September 22, 2014
Ukraine's fugitive president wanted for mass murder
Fugitive Ukrainian President Viktor Yanukovich, ousted after bloody street protests in which demonstrators were shot by police snipers, is wanted on an arrest warrant for mass murder, authorities announced today.
As rival neighbors east and west of the former Soviet republic said a power vacuum in Kiev must not lead to the country breaking apart, acting President Oleksander Turchinov said Ukraine's new leaders wanted relations with Russia on a "new, equal and good-neighborly footing that recognizes and takes into account Ukraine's European choice".
European Union foreign policy chief Catherine Ashton was travelling to Ukraine to discuss measures to shore up the ailing economy, which the finance ministry said needs $35 billion in foreign aid over the next two years.
Russian-backed Yanukovich, 63, who fled Kiev by helicopter on Friday, is still at large after heading first to his eastern power base, where he was prevented from flying out of the country, and then diverting south to the Crimea, acting interior minister Arsen Avakov said.
"An official case for the mass murder of peaceful citizens has been opened," Avakov wrote on his Facebook profile. "Yanukovich and other people responsible for this have been declared wanted."

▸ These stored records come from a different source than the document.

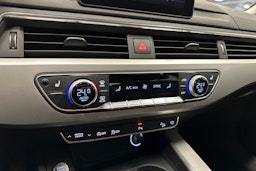 valkoinen Audi A4 allroad quattro 2018 kuva 24.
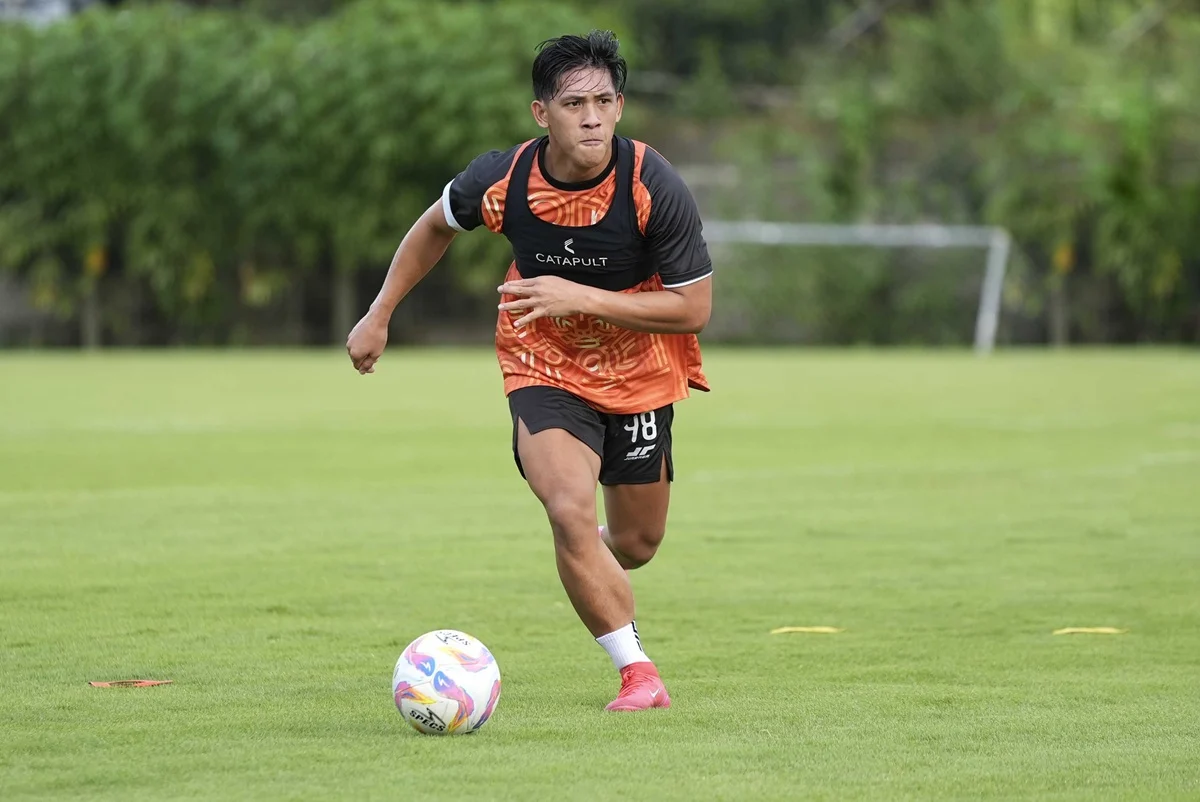 Mauricio Souza Puji Efektivitas Persija dan Sambut Pindah ke Bali: Langkah Besar untuk Karier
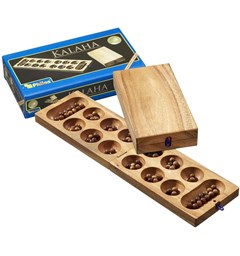 Kalaha /Mancala Brettspill Det klassiske kulespillet!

Yanukovich had left a private residence in Balaclava, in the Russian-speaking Crimea, for an unknown destination by car with one of his aides and a handful of security guards, Avakov said.
It was an ignominious political end for Yanukovich who has been publicly deserted by some of his closest erstwhile allies, stripped of his luxury residence outside Kiev and had to witness the return of his arch-rival Yulia Tymoshenko.
Russia recalled its ambassador from Kiev for consultations on Sunday, accusing the opposition of having torn up a transition agreement with the president it supported.
In a sign of nervousness over how Moscow may react, Oleh Tyahnybok, a far-right nationalist who was one of three opposition leaders who negotiated with Yanukovich on Friday, said the Defence Ministry should check out reports that Russian troops might gather on Ukraine's border.
He gave no details and did not suggest such troop movements had actually taken place. Interfax news agency later quoted Ukrainian border guards as saying there was no sign of any Russian troop movements near the border.
Tyahnybok said a boat was due to arrive in the Crimean port of Sevastopol with 200 Russian commandos. Russia's Black Sea fleet is based in Sevastopol and its forces come and go freely. It was not clear whether this was a long-scheduled arrival.